→ **Your goal**
Exact repetition is the task: copy every entry below.

——

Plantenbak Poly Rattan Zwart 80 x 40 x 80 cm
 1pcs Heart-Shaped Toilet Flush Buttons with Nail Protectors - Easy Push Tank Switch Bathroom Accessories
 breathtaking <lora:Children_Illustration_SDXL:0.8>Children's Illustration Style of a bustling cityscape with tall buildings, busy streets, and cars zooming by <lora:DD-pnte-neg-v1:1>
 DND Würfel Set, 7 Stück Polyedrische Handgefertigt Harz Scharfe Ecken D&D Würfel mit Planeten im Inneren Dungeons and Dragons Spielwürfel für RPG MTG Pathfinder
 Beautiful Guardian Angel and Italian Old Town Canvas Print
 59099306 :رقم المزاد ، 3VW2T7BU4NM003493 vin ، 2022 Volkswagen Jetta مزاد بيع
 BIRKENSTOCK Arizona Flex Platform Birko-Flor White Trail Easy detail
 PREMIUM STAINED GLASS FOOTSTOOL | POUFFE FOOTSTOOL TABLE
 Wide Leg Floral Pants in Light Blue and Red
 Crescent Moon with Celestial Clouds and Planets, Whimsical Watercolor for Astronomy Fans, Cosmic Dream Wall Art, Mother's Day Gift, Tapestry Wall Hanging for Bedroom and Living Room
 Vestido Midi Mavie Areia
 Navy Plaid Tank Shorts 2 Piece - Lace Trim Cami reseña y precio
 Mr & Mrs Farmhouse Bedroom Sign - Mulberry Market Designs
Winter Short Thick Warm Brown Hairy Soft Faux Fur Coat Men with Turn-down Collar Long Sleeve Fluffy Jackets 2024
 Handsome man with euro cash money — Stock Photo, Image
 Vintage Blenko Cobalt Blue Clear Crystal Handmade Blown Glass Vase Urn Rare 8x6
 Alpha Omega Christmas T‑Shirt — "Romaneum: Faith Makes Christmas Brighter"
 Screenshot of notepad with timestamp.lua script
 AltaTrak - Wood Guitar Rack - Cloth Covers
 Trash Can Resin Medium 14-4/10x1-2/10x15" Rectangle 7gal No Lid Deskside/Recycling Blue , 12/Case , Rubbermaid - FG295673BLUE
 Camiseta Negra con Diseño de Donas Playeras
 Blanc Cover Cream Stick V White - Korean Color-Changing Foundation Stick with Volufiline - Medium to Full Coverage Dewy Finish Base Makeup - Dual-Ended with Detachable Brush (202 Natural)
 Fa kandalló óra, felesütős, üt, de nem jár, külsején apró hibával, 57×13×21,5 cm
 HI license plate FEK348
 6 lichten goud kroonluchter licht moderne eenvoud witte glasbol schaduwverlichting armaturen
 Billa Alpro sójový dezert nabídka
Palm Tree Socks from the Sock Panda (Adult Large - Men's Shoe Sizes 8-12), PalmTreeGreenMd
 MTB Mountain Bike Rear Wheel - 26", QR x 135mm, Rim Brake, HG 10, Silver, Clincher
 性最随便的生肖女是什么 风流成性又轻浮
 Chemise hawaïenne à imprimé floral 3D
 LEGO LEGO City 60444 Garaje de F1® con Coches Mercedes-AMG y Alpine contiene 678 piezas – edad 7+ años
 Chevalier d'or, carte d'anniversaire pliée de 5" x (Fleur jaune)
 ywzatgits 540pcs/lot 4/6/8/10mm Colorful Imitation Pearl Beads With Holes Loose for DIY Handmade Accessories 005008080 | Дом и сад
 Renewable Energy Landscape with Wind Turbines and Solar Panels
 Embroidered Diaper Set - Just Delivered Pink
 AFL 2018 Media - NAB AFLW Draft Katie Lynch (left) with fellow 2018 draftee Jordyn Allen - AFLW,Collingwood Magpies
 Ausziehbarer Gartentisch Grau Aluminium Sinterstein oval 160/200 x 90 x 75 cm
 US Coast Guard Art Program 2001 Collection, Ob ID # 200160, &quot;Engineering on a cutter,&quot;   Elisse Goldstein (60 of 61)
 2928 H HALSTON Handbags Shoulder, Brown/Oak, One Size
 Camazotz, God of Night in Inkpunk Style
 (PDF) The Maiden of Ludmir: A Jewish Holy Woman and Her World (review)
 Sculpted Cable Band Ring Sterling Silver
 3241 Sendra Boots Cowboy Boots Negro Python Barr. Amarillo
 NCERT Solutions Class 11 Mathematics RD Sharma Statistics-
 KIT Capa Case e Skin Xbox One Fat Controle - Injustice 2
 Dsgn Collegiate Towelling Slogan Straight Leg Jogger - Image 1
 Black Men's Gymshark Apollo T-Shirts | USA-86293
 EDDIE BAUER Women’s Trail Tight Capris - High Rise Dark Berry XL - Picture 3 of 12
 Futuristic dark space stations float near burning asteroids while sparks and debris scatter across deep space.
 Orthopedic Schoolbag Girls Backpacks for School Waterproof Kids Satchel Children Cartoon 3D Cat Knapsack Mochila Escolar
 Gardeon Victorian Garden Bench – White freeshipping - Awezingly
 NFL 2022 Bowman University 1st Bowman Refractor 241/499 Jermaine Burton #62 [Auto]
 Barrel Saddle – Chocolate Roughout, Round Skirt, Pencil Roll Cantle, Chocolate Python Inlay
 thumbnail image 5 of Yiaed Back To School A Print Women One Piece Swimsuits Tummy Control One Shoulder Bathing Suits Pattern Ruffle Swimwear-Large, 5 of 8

——

→ **Answer**
Plantenbak Poly Rattan Zwart 80 x 40 x 80 cm
 1pcs Heart-Shaped Toilet Flush Buttons with Nail Protectors - Easy Push Tank Switch Bathroom Accessories
 breathtaking <lora:Children_Illustration_SDXL:0.8>Children's Illustration Style of a bustling cityscape with tall buildings, busy streets, and cars zooming by <lora:DD-pnte-neg-v1:1>
 DND Würfel Set, 7 Stück Polyedrische Handgefertigt Harz Scharfe Ecken D&D Würfel mit Planeten im Inneren Dungeons and Dragons Spielwürfel für RPG MTG Pathfinder
 Beautiful Guardian Angel and Italian Old Town Canvas Print
 59099306 :رقم المزاد ، 3VW2T7BU4NM003493 vin ، 2022 Volkswagen Jetta مزاد بيع
 BIRKENSTOCK Arizona Flex Platform Birko-Flor White Trail Easy detail
 PREMIUM STAINED GLASS FOOTSTOOL | POUFFE FOOTSTOOL TABLE
 Wide Leg Floral Pants in Light Blue and Red
 Crescent Moon with Celestial Clouds and Planets, Whimsical Watercolor for Astronomy Fans, Cosmic Dream Wall Art, Mother's Day Gift, Tapestry Wall Hanging for Bedroom and Living Room
 Vestido Midi Mavie Areia
 Navy Plaid Tank Shorts 2 Piece - Lace Trim Cami reseña y precio
 Mr & Mrs Farmhouse Bedroom Sign - Mulberry Market Designs
Winter Short Thick Warm Brown Hairy Soft Faux Fur Coat Men with Turn-down Collar Long Sleeve Fluffy Jackets 2024
 Handsome man with euro cash money — Stock Photo, Image
 Vintage Blenko Cobalt Blue Clear Crystal Handmade Blown Glass Vase Urn Rare 8x6
 Alpha Omega Christmas T‑Shirt — "Romaneum: Faith Makes Christmas Brighter"
 Screenshot of notepad with timestamp.lua script
 AltaTrak - Wood Guitar Rack - Cloth Covers
 Trash Can Resin Medium 14-4/10x1-2/10x15" Rectangle 7gal No Lid Deskside/Recycling Blue , 12/Case , Rubbermaid - FG295673BLUE
 Camiseta Negra con Diseño de Donas Playeras
 Blanc Cover Cream Stick V White - Korean Color-Changing Foundation Stick with Volufiline - Medium to Full Coverage Dewy Finish Base Makeup - Dual-Ended with Detachable Brush (202 Natural)
 Fa kandalló óra, felesütős, üt, de nem jár, külsején apró hibával, 57×13×21,5 cm
 HI license plate FEK348
 6 lichten goud kroonluchter licht moderne eenvoud witte glasbol schaduwverlichting armaturen
 Billa Alpro sójový dezert nabídka
Palm Tree Socks from the Sock Panda (Adult Large - Men's Shoe Sizes 8-12), PalmTreeGreenMd
 MTB Mountain Bike Rear Wheel - 26", QR x 135mm, Rim Brake, HG 10, Silver, Clincher
 性最随便的生肖女是什么 风流成性又轻浮
 Chemise hawaïenne à imprimé floral 3D
 LEGO LEGO City 60444 Garaje de F1® con Coches Mercedes-AMG y Alpine contiene 678 piezas – edad 7+ años
 Chevalier d'or, carte d'anniversaire pliée de 5" x (Fleur jaune)
 ywzatgits 540pcs/lot 4/6/8/10mm Colorful Imitation Pearl Beads With Holes Loose for DIY Handmade Accessories 005008080 | Дом и сад
 Renewable Energy Landscape with Wind Turbines and Solar Panels
 Embroidered Diaper Set - Just Delivered Pink
 AFL 2018 Media - NAB AFLW Draft Katie Lynch (left) with fellow 2018 draftee Jordyn Allen - AFLW,Collingwood Magpies
 Ausziehbarer Gartentisch Grau Aluminium Sinterstein oval 160/200 x 90 x 75 cm
 US Coast Guard Art Program 2001 Collection, Ob ID # 200160, &quot;Engineering on a cutter,&quot;   Elisse Goldstein (60 of 61)
 2928 H HALSTON Handbags Shoulder, Brown/Oak, One Size
 Camazotz, God of Night in Inkpunk Style
 (PDF) The Maiden of Ludmir: A Jewish Holy Woman and Her World (review)
 Sculpted Cable Band Ring Sterling Silver
 3241 Sendra Boots Cowboy Boots Negro Python Barr. Amarillo
 NCERT Solutions Class 11 Mathematics RD Sharma Statistics-
 KIT Capa Case e Skin Xbox One Fat Controle - Injustice 2
 Dsgn Collegiate Towelling Slogan Straight Leg Jogger - Image 1
 Black Men's Gymshark Apollo T-Shirts | USA-86293
 EDDIE BAUER Women’s Trail Tight Capris - High Rise Dark Berry XL - Picture 3 of 12
 Futuristic dark space stations float near burning asteroids while sparks and debris scatter across deep space.
 Orthopedic Schoolbag Girls Backpacks for School Waterproof Kids Satchel Children Cartoon 3D Cat Knapsack Mochila Escolar
 Gardeon Victorian Garden Bench – White freeshipping - Awezingly
 NFL 2022 Bowman University 1st Bowman Refractor 241/499 Jermaine Burton #62 [Auto]
 Barrel Saddle – Chocolate Roughout, Round Skirt, Pencil Roll Cantle, Chocolate Python Inlay
 thumbnail image 5 of Yiaed Back To School A Print Women One Piece Swimsuits Tummy Control One Shoulder Bathing Suits Pattern Ruffle Swimwear-Large, 5 of 8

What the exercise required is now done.